What is - , 07-11-2023

What Are 'Association Rules' for Social Scientists? a data mining discussion

Speaker(s):

Bio: Wendy Olsen has been working as a Professor of Socio-Economics at the University of Manchester, in the department of Social Statistics. She researches in development studies, sociology, and socio-economics. She focuses at present on explaining the hours that people work, and the diverse wage-rates. Her research thus covers employment, informal work, gender, and labour markets in India, South Asia, and the UK. She has also created new designs for 'mixed methods' research that include quantitative methods, in her book Systematic Mixed Methods Research, Palgrave, 2022. Key publications also include Data Collection (Sage, 2012), Rural Indian Social Relations (Oxford, 1996), and Realist Methodology (ed., 4 volumes, Sage, 2010). Her key theoretical frames include gender and development theory, institutional change, moral reasoning in relation to the use of quantitative data, and statistical methodology. Profile is found at: https://research.manchester.ac.uk/en/persons/wendy-kay-olsen

Abstract:

Association rules are used in market research to help guide the strategy for marketing toward better sales and revenue. THe methods of 'association rules' discernment can be used to work out what factors can predict (or act as precursors of) other outcomes. These methods are occasionally used in social science. For example one study used association rules to find correlation of social group memberships and occupations, and another application would be to p redict occupational moves by the existing occupation and the spending pattern.
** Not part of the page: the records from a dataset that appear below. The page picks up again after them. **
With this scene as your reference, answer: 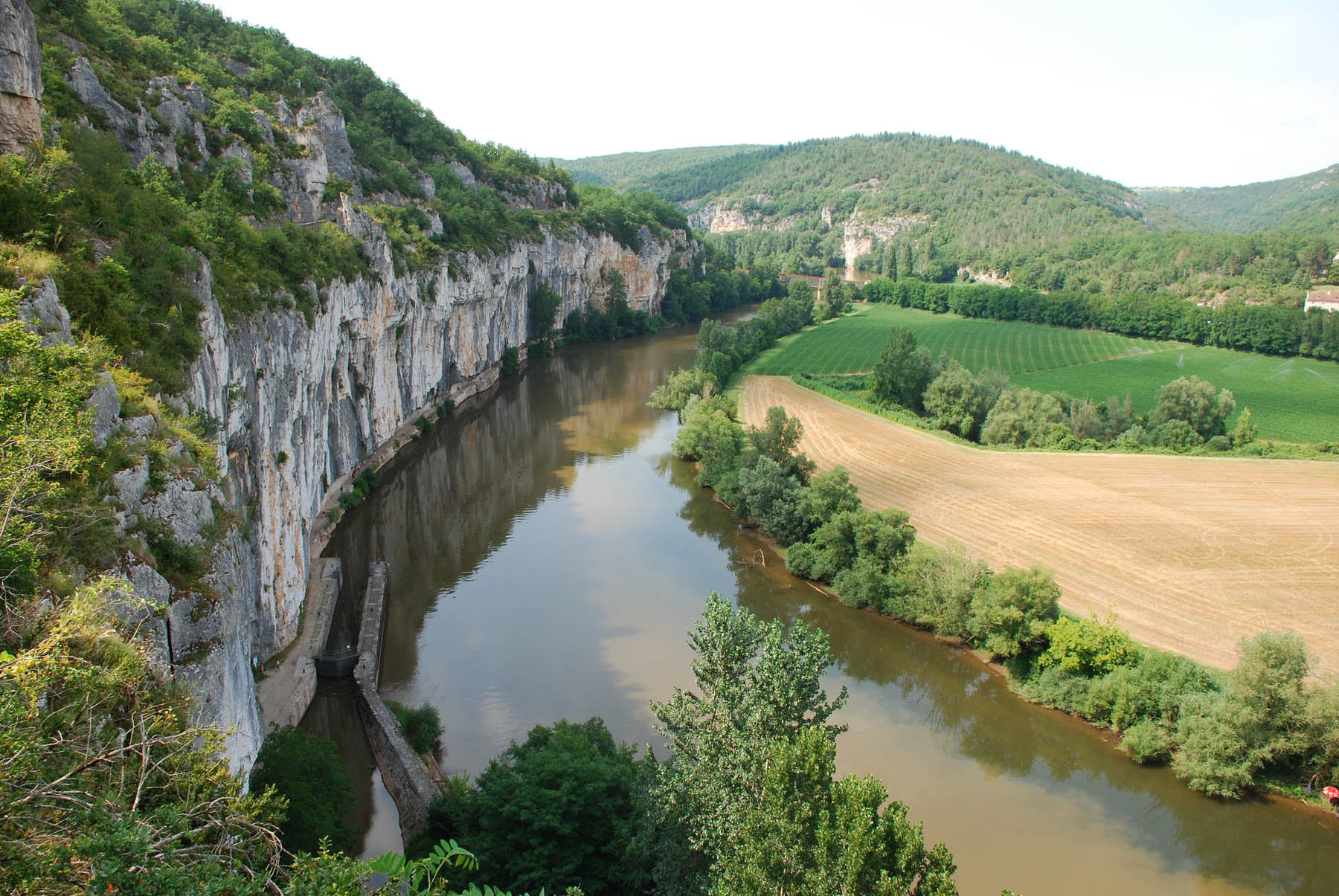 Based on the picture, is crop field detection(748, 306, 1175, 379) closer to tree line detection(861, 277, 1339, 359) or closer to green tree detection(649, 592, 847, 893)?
tree line detection(861, 277, 1339, 359)

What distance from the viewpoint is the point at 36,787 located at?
4.64 m

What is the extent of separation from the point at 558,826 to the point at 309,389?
16.5 m

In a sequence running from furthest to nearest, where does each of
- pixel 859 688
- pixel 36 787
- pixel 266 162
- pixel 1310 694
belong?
pixel 266 162 → pixel 859 688 → pixel 1310 694 → pixel 36 787

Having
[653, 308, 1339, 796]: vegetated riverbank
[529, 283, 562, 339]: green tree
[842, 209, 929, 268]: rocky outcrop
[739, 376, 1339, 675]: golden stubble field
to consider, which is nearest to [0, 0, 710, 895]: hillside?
[529, 283, 562, 339]: green tree

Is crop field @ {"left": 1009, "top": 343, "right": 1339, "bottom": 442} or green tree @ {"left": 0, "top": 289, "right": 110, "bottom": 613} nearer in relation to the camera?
green tree @ {"left": 0, "top": 289, "right": 110, "bottom": 613}

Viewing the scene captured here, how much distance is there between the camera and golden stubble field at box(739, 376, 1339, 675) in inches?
845

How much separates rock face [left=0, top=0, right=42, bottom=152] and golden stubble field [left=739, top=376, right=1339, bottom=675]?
24446mm

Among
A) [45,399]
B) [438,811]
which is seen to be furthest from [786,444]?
[45,399]

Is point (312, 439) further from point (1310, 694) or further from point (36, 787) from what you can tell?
point (1310, 694)

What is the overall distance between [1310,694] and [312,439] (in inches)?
965

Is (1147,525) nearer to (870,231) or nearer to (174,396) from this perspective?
(174,396)

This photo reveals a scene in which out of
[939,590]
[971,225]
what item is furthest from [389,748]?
[971,225]

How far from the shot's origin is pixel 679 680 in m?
19.2

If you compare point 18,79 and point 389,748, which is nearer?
point 18,79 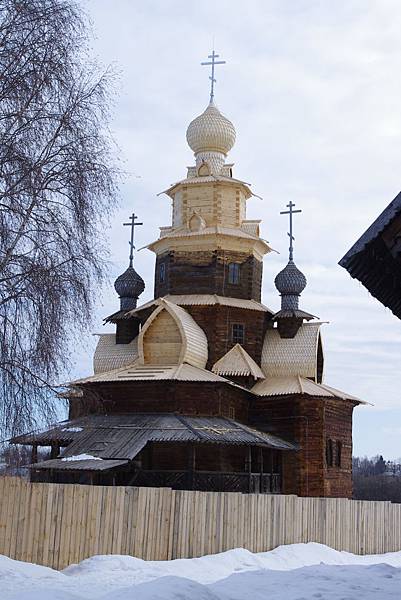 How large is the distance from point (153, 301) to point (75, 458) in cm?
849

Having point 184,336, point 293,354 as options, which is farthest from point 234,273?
point 184,336

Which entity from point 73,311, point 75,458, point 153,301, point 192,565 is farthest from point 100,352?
point 73,311

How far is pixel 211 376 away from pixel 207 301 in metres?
3.52

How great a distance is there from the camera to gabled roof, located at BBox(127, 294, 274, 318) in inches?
1017

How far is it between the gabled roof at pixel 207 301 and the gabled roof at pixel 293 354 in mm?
1322

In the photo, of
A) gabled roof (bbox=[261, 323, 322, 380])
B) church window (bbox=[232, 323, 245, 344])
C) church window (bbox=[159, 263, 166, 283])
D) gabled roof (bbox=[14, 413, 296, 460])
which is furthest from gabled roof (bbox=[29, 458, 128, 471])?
church window (bbox=[159, 263, 166, 283])

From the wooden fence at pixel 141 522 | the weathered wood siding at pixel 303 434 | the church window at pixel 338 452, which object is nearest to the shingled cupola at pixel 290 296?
the weathered wood siding at pixel 303 434

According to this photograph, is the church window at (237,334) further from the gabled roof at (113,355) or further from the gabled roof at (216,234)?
the gabled roof at (113,355)

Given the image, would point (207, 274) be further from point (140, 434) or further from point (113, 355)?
point (140, 434)

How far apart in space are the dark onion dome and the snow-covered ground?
532 inches

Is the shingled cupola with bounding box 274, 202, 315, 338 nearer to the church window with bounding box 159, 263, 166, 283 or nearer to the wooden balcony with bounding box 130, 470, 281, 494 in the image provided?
the church window with bounding box 159, 263, 166, 283

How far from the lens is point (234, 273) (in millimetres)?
26969

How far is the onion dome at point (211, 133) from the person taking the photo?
2881 cm

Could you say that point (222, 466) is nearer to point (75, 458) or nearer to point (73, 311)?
point (75, 458) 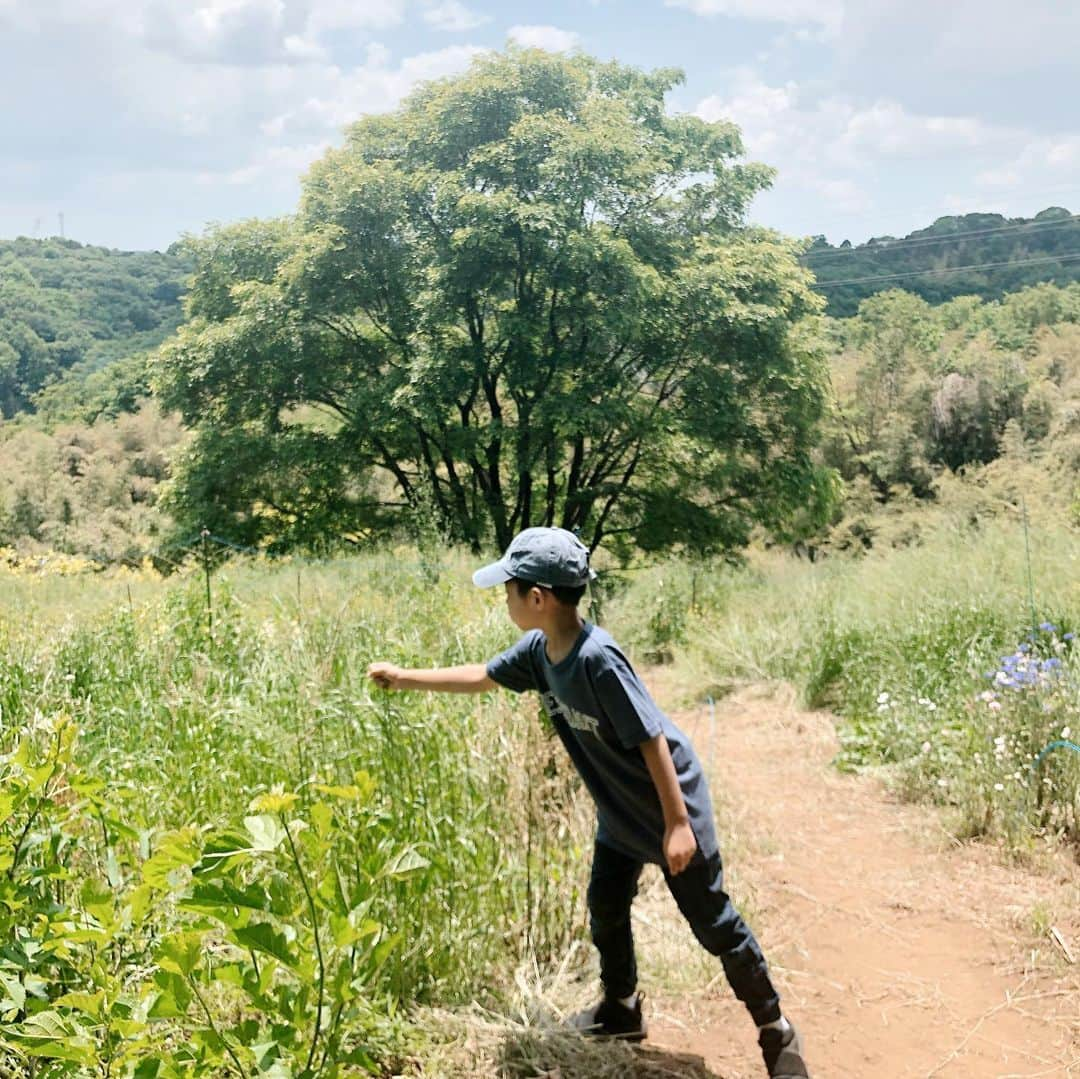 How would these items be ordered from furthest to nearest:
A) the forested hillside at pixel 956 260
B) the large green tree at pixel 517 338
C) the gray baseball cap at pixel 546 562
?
the forested hillside at pixel 956 260 → the large green tree at pixel 517 338 → the gray baseball cap at pixel 546 562

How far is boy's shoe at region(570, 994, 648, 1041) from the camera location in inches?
98.3

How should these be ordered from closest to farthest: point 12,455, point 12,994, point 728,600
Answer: point 12,994 → point 728,600 → point 12,455

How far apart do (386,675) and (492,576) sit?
0.38 m

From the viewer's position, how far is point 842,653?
6.41 m

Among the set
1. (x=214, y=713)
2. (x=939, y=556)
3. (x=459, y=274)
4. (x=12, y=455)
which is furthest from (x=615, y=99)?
(x=12, y=455)

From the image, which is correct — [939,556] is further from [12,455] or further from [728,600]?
[12,455]

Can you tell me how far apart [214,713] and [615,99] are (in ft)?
59.9

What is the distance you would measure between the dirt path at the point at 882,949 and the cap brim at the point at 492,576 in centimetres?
132

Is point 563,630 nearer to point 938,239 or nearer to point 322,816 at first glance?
point 322,816

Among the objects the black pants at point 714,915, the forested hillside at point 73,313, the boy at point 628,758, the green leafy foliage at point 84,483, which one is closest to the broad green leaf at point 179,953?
the boy at point 628,758

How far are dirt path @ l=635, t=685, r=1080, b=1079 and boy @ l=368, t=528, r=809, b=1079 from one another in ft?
1.34

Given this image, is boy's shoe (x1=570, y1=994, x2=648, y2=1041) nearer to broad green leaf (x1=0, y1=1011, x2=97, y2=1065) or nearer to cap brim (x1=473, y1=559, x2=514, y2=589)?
cap brim (x1=473, y1=559, x2=514, y2=589)

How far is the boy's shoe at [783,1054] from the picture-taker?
2275 millimetres

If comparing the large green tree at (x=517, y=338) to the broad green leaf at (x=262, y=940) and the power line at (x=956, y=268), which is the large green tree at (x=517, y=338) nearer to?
the broad green leaf at (x=262, y=940) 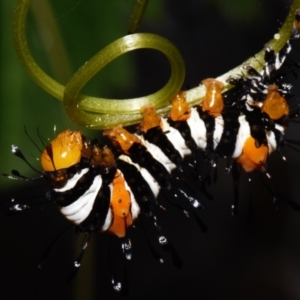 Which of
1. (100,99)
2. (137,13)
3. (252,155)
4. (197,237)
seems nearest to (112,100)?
(100,99)

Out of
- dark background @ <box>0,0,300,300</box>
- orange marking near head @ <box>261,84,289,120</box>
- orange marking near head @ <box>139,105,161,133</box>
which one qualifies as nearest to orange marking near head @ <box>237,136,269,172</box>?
orange marking near head @ <box>261,84,289,120</box>

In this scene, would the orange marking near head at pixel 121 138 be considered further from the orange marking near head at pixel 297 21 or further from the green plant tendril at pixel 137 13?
the orange marking near head at pixel 297 21

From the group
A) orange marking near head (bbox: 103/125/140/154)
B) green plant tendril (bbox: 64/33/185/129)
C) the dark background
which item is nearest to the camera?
green plant tendril (bbox: 64/33/185/129)

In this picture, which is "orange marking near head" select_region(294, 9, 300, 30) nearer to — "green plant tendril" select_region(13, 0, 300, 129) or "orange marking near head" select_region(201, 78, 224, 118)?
"green plant tendril" select_region(13, 0, 300, 129)

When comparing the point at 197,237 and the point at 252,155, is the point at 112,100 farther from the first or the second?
the point at 197,237

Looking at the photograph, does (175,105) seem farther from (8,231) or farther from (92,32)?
(8,231)

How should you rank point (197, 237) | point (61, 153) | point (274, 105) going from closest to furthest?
point (61, 153)
point (274, 105)
point (197, 237) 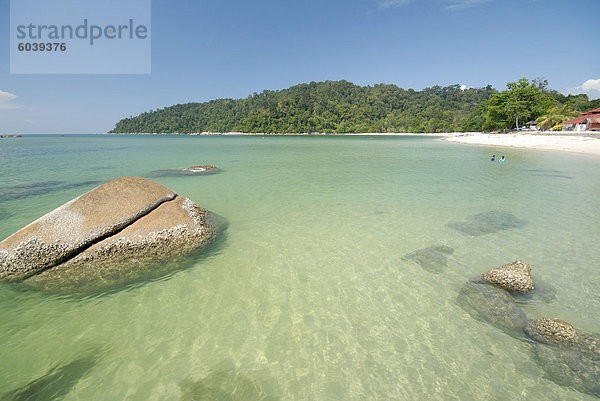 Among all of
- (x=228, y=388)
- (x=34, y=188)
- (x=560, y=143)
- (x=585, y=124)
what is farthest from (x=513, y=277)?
(x=585, y=124)

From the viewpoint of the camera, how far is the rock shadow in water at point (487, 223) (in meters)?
8.48

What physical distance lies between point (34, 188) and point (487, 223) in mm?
23747

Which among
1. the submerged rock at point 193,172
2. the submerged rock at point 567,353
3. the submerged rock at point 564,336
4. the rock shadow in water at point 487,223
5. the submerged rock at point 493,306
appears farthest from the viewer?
the submerged rock at point 193,172

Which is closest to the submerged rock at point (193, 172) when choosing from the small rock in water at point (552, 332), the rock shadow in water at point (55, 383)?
the rock shadow in water at point (55, 383)

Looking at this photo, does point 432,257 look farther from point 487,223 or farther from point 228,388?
point 228,388

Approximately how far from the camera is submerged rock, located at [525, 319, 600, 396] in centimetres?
338

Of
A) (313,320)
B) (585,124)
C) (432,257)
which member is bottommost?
(313,320)

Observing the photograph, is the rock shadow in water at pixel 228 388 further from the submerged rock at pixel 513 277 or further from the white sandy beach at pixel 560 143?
the white sandy beach at pixel 560 143

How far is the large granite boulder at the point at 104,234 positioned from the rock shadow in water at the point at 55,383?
2.85 metres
In this workshop, I explore 'Consumer Expenditure Surveys' as a social-science data source and explain what 'association rules' are. When applying the association rules to variables, I use a hypothesis-testing approach. It is thus a supervised, social data analytics application. (By contrast, typical data-science methods of data mining are unsupervised. I explain all this terminology.) I show results for two settings: 1) Indian consumer data and the occupational groups for 2014/5, with adoption of mobile phones a key indicator on the consumer-spending side; and 2) Indian spending on a range of technical goods, which have very low cross-correlations. In the first setting association rules are useful but regression is a close alternative. In the second setting, I develop advice for data cleaning to discover patterns in a large-data context - yet not assuming unsupervised data mining. The workshop is open to all, no prerequisite knowledge.